Duplicity: I was had

It's official: I'm not as smart as I thought I was. I didn't love Duplicity, you see. I really tried to pay attention, too. Sat there with my head in my hand, eyes narrowed, brow furrowing, determined to get the most out of it. "This is as good as it gets," said Variety. "However you describe it, Duplicity is superior entertainment, the most elegantly pleasurable movie of its kind to come around in a very long time," said A O Scott. " If what thrills you is the swift-moving, unrelenting contest between equal and opposing forces, then the movies you seek out are surely the great romantic comedies of the studio era, verbal boxing matches that draw blood and end in kisses."

Count me in. Except that for a large chunk of time — almost (but not quite) the whole movie — I had no idea what was going on with Clive Owen and Julia Roberts. Were they gaming the company? Each other? Both? Neither? Are we supposed not to know? Maybe some people like the confusion — a sure sign that something superior is going on. I'll put up with this sort of thing for a bit, but eventually the suspicion begins to dawn that the movie is being complicated, rather than complex, that it is patterned, rather than plotted, and then I check out.

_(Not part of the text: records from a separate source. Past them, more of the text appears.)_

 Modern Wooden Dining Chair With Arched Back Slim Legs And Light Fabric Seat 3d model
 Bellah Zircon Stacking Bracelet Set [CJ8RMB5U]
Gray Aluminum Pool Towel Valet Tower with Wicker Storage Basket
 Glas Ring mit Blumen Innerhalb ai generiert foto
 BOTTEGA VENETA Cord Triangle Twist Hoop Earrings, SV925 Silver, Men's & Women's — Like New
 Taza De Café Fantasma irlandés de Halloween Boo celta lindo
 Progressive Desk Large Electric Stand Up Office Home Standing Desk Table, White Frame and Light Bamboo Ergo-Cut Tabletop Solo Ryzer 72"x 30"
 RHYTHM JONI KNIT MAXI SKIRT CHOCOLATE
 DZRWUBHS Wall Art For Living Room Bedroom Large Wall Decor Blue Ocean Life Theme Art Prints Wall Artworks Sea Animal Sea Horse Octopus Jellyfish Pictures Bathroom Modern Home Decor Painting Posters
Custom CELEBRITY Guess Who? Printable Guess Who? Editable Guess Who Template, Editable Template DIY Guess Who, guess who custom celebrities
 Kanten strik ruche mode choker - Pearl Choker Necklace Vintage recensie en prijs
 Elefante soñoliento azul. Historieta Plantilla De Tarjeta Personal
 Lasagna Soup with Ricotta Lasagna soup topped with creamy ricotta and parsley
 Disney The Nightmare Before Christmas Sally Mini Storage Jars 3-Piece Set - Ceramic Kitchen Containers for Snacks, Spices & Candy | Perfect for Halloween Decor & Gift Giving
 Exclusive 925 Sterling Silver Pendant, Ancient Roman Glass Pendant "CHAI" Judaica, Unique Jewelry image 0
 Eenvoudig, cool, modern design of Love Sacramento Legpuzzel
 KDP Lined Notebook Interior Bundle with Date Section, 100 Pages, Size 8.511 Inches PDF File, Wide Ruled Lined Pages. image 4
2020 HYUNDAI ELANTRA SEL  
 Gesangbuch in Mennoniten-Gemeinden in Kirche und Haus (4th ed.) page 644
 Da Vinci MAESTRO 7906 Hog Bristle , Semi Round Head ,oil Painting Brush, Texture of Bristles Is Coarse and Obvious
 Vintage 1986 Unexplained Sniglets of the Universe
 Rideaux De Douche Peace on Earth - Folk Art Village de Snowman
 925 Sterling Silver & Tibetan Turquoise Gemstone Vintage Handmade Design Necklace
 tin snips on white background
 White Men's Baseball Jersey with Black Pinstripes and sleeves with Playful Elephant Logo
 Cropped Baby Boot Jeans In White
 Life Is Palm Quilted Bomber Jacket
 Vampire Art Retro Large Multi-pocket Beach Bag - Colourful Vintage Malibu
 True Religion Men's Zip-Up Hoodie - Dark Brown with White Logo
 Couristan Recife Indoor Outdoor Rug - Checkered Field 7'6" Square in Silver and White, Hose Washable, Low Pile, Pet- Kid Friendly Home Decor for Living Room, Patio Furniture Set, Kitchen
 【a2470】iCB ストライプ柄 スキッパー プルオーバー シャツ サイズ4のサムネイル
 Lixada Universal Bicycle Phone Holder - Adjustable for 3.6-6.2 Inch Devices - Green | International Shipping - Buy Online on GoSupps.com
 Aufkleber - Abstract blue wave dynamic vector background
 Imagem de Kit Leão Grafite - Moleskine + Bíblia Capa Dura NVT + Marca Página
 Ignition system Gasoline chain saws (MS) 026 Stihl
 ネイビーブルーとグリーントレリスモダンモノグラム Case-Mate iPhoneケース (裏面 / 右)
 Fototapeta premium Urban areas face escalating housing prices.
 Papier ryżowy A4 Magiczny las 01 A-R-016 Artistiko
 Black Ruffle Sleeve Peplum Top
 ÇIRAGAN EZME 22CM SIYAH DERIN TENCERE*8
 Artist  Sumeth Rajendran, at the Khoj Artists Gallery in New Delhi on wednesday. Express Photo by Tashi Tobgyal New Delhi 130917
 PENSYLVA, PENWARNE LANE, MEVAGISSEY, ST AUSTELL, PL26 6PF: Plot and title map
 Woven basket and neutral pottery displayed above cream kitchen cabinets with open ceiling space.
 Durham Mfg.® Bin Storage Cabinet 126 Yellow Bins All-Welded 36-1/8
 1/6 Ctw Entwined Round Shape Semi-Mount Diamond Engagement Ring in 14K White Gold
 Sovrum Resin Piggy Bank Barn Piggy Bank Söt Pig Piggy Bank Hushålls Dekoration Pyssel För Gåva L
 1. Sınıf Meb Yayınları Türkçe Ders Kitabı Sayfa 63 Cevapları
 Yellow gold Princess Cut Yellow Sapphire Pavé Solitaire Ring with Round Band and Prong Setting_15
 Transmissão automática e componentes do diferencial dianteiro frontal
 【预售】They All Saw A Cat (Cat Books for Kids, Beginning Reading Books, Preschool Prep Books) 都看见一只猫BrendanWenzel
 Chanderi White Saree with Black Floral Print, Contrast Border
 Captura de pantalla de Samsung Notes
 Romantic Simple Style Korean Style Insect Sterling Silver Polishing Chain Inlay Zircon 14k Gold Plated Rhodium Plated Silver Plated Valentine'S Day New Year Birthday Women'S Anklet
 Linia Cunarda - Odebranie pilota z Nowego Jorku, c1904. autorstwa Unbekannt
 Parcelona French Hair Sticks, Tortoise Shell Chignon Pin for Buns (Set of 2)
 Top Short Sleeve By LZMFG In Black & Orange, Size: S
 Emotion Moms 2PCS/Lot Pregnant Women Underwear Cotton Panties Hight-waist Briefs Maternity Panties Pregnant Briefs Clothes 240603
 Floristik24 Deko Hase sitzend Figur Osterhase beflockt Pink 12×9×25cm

I had the same deal with LA Confidential — another complicated movie that everyone loved and left me cold. Duplicity didn't leave me cold. The script is lean and economical, and its satire is beautifully done. Tonally, it finds the same sweet spot as The Right Stuff — sending up this world while never failing to make it matter. I never tired of seeing Paul Giametti ranting about his opponent's new creams and lotions. But over the long haul I found myself adopting the same defensive crouch David Mamet induces in me — a twist overload. The assumption that nothing is at it seems has its own predictability, after a while. You sit there going "that's not going to turn out to be true" or "I bet she tricks him". And you're always right.

I read somewhere that butterfly wingspan only reach a span of two feet (or something like that) before they collapse. In other words, there's a inbuilt evolutionary limit to the size butterflies can be. I feel the same way about movie plots: there's a certain level of complexity you shouldn't go beyond. What's going to happen now, of course, is that Duplicity is not going to do as well as some people expect and then the critics are going to start blaming the multiplex or the average Joe or the dumbing-down of America or Jaws. It's nothing to do with any of those things.

1 comment:

  1. For all the reviews I've read, this is the best thing written about Duplicity that I've seen. Extremely observant and right on the mark. Well done. You're a very engaging critic.